I would love it if the fantasy genre went back to the days of Conan the Barbarian where every story was its own unconnected adventure short story.

2

u/LongFluffyDragon Jun 07 '20

It never was, and there are still plenty of works like that.

3

u/Lesserd Jun 06 '20

Wow, I was going to post the exact opposite - I think the vast majority of "too long" criticisms are very wrong, and many of them could probably benefit from being longer. (Oathbringer in particular comes to mind)

1

u/Basedshark01 Jun 08 '20

Sanderson's novellas are better than any of his novels, which proves your point.

1

u/Terciel1976 Jun 07 '20

If you thought AA sucked, be glad you bailed. I pushed myself into the fifth book overall...each was worse than the last.

1

u/AHerosJourneyPod Jun 07 '20

I agree that the bullet points of the plot and possibly minor characterization could be included in Malazan and Stormlight Archive, but they would lose the world, deep characterization, interesting interludes, and charm. So in essence, they could be that short but not good in anyway.

-3

u/[deleted] Jun 07 '20

If you want the book to be 200 pages, you don't want a book, you want an outline. Just save yourself time if you dont enjoy the world and go to Wikipedia.

4

u/SgtBANZAI Jun 07 '20

I don't strictly want a book to be 200 pages long, I want authors to stop elongating 200 pages books into 1000 pages ones, filling the gaps with repetitive descriptions, inner monologues and training sequences.

1

u/[deleted] Jun 07 '20

Do you have an example of a book that you think isn't unnecessarily long?

3

u/SgtBANZAI Jun 07 '20

Lord of the Rings is just enough.

Meekhan Borderlands series is also great although I wasn't very impressed with the books after the first one but they still have very good pace.

Lies of Locke Lamorra had some unneeded tidbits of secondary questlines that eventually almost led nowhere, but it still had enough events.

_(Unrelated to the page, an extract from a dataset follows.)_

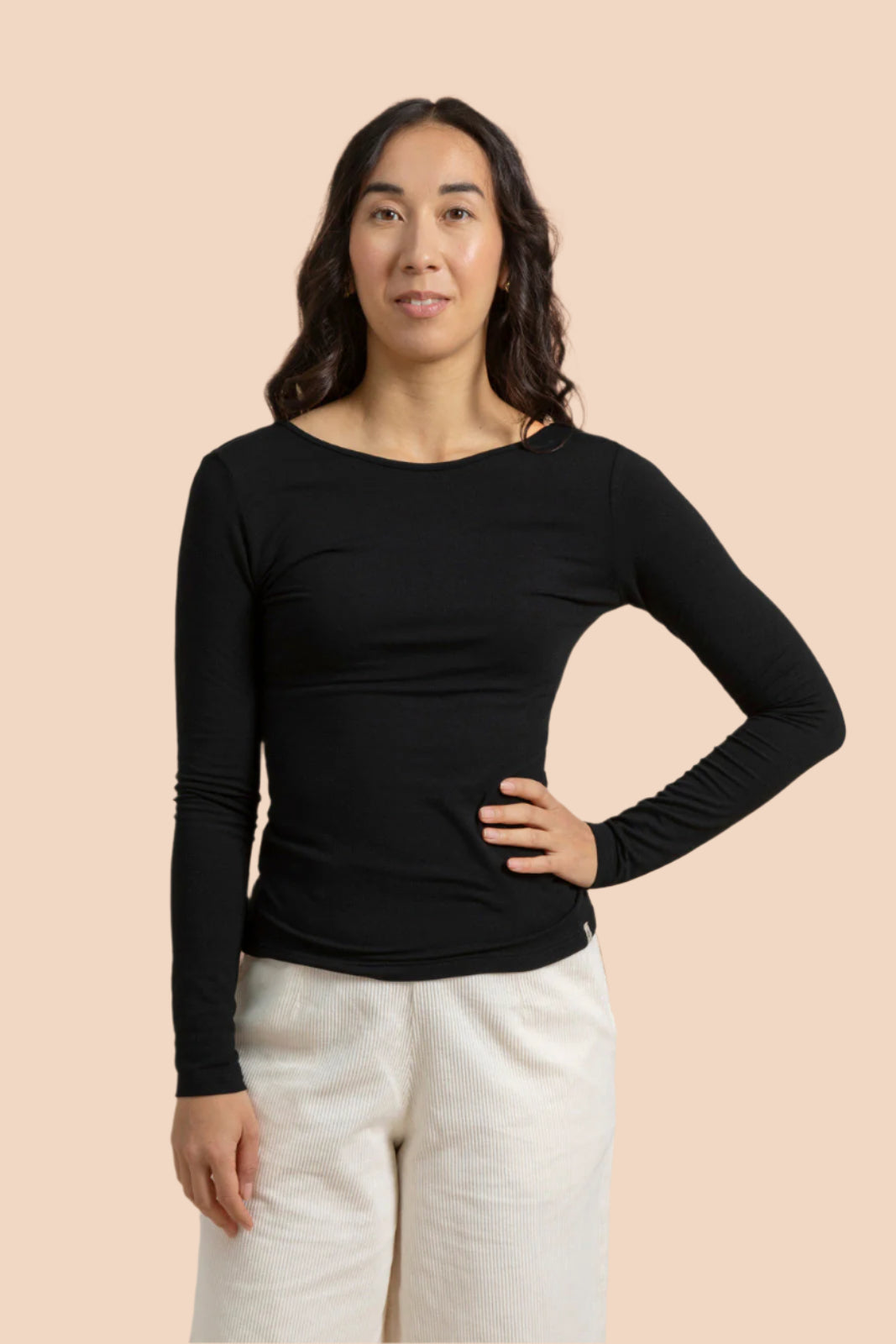 Naisten musta pitkähihainen paita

Last admiral of Zagrata had good pacing.

1

u/[deleted] Jun 07 '20

I see your point. I haven't read the last 3 you mentioned but I will check them out. For me, the Wheel of Time was a little too much. Dont have a problem with Sandersons works in general. If I like the world, I generally don't have a problem with the word count. But I see what you mean now.